Guide to running waterbug sessions

Illustration of waterbugs under a microscope

This introductory guide to running waterbug sampling sessions is designed for teachers (Foundation to Year 8).

Waterbugs, or aquatic macroinvertebrates, are small creatures that have no backbone and can be seen with the naked eye. They live all or part of their life in the water, providing a food source for larger animals such as fish, frogs, birds and platypus.

Macroinvertebrate sampling complements water science analysis and can provide a quick assessment of the health of a particular waterway and site. When compared to other locations or at different times these assessments help us determine the health of, or changes that occur in, the aquatic ecosystem.
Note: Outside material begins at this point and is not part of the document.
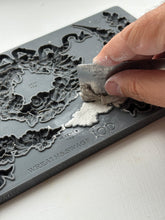 Load image into Gallery viewer, WREATH &amp; SWAGS - IOD Mould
Field excursions are a great, hands-on way to enhance students’ involvement with their natural environment and can have a profound effect on their learning and wellbeing. Discovering waterbugs in your local waterway allows students to explore a fascinating ‘invisible’ world. It also showcases the work that aquatic ecologists and interested community volunteers do to protect our local waterways – and how students and their families can help.

Download the guide

The activities in this guide enable students to:

  • act as scientists to identify and pose questions
  • gather and analyse data
  • draw conclusions to make evidence-based arguments about the health of a waterway.

The guide also provides instructions for teachers collecting a waterbug sample for classroom use.